Apreciamos también al Cela agradecido con los académicos suecos que le votaron –aunque el voto es secreto– y persuadieron a los demás en el mismo sentido, como los citados Don Canuto y Artur Lundkvist, a quien visitó, por estar ya muy enfermo, en su casa.

También mostró Cela su cara más popular, la del Cela provocador, jocundo y venéreo. Al día siguiente de su llegada, me acerqué con Linda Steneberg al Grand Hotel, donde se alojan los premiados, al pie del mar Báltico, para repasar los densos programas inmediatos. En su amplia suite, sentado en un canapé con Marina Castaño, escuchaba el Nobel cómo la diplomática sueca le exponía el programa oficial: «Y el día 13, señor Cela, por Santa Lucía, es costumbre que un coro de hermosas muchachas suecas, con una corona de velas encendidas en la cabeza, vestidas con túnicas blancas, entren en las habitaciones de los galardonados cantado el Santa Lucía, muy pronto, a las siete y media de la mañana». Pregunta Cela: «¿A qué hora dice usted?» «Pues muy pronto, lo siento, sobre las siete y media». Entonces Cela, como un rayo, dándole un codazo a la interfecta, le dice: «¿A las siete y media? Esa noche, Marina, no te olvides, duermes con camisón».

Otro día, al recibir el muñeco de los Cronopios –una especie de rana de trapo–, izó entre las ancas su dedo corazón, en escena priápica que fotografió entre risas la prensa. Vimos asimismo al Cela que mantuvo encendida la antorcha de la gratitud hacia sus mayores desde que fuera escritor novel, al honrar la memoria de «mi viejo amigo y maestro Pío Baroja» en la primera línea de su discurso del Nobel ante la Academia Sueca. Una memoria antigua. Cuando, en 1942, La familia de Pascual Duarte hizo escritor famoso a un joven de veintiséis años, vivían entonces, en España o en el exilio, de la generación del 98, Pío Baroja, Azorín y Manuel Machado; y casi en pleno, la generación del 14 y del 27, de las que saldrían dos premios Nobel antes que Cela.

La víspera de su regreso a España, en La bodega de la Ópera, concluida una cena en petit comité, el Premio Nobel me dedicó un ejemplar de La colmena. No lo encuentro en mi biblioteca itinerante, pero creo recordar que escribió algo parecido al título de este texto: «A Pedro Calvo-Sotelo, que fue mi escudero durante el Nobel».

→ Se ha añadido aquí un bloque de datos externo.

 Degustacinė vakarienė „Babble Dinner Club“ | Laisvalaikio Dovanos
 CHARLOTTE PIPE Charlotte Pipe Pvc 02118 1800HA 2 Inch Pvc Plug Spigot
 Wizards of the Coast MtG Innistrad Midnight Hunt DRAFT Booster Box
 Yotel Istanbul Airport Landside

Dos lustros después, investigando yo en su Fundación de Iria Flavia, pedí ver el famoso cuaderno abierto por Cela en la fecha del 19 de octubre con que se abre este relato. Encabeza la hoja el nombre de Paco Uriz, al que sigue el de mi padre, y muchos otros. La escritura es al menos de dos manos diferentes. Empieza Cela y sigue luego otra mano.

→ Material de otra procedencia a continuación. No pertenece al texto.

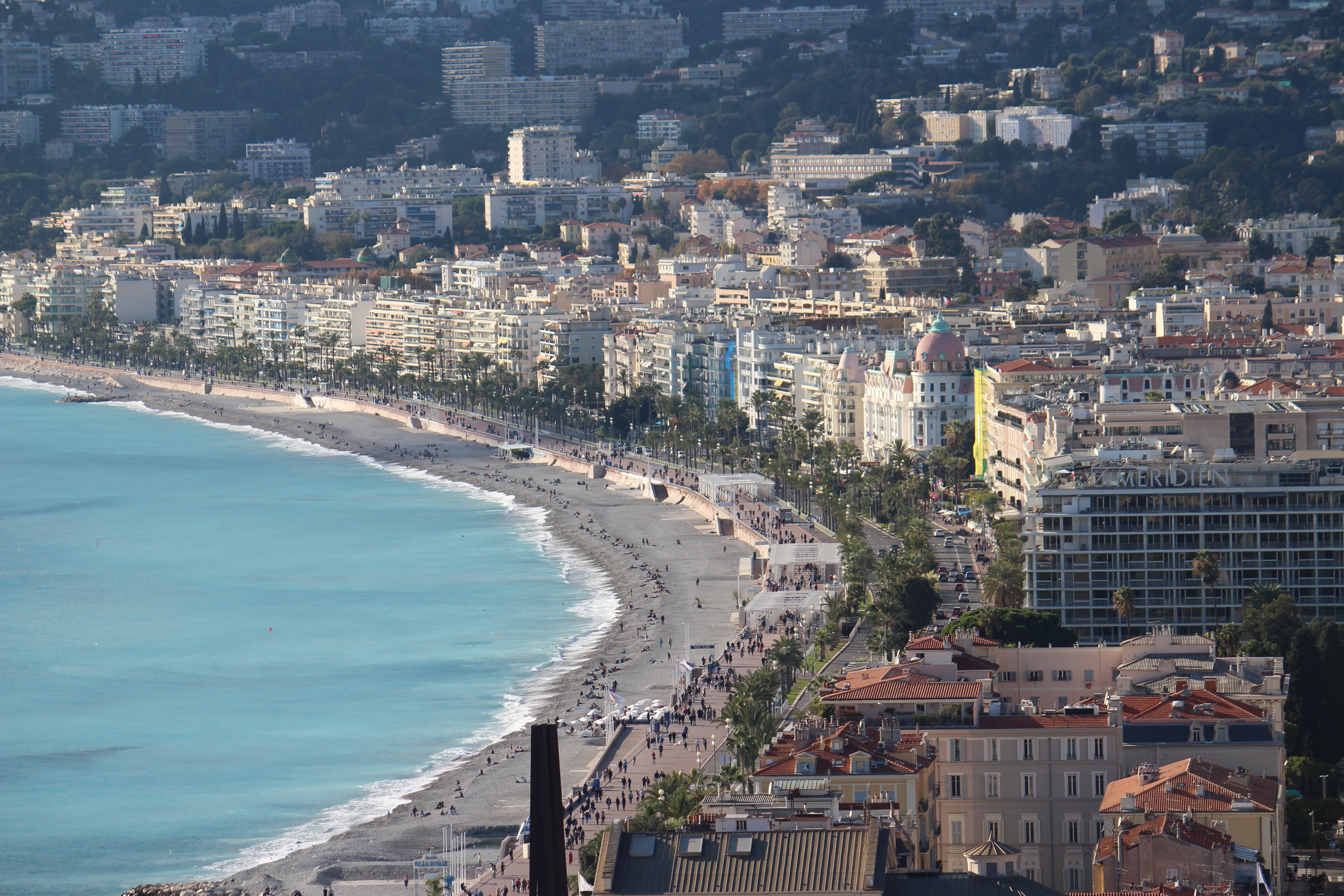 Promenade des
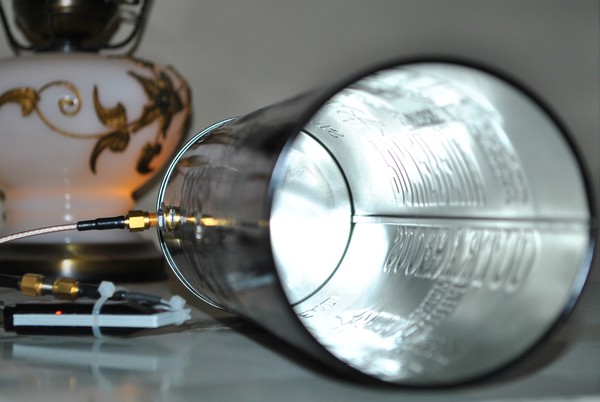 Scotch Bottle Can Wifi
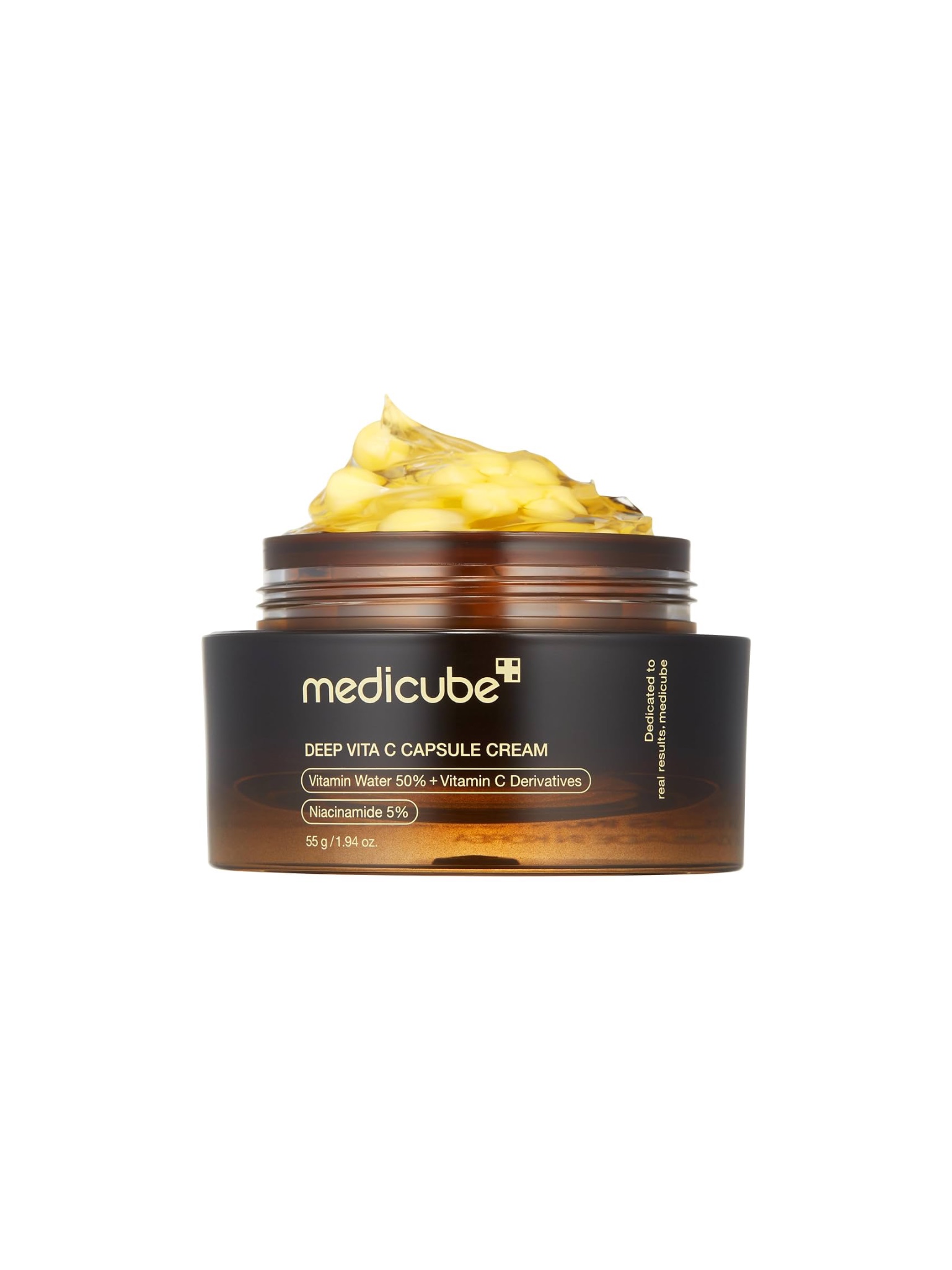 Deep Vita C Capsule Cream
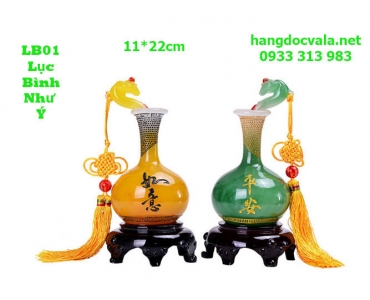 BÌNH HÚT TÀI LỘC MÃNG XÀ TRẤN LỘC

Termino cerrando ese cuaderno y abriendo otra historia. Al año de la concesión del premio Nobel a Cela, la Academia premió a Octavio Paz. Recibí entonces tres llamadas: una, mexicana; dos, suecas. Gracias a ellas, tuve el privilegio de colaborar en la semana Nobel en torno al gran escritor mexicano. Pero, eso, en efecto, es otra historia.

Pedro Calvo-Sotelo es diplomático. Es editor de Leopoldo Calvo-Sotelo. Un retrato intelectual (Madrid, Fundación Ortega-Marañón, 2010).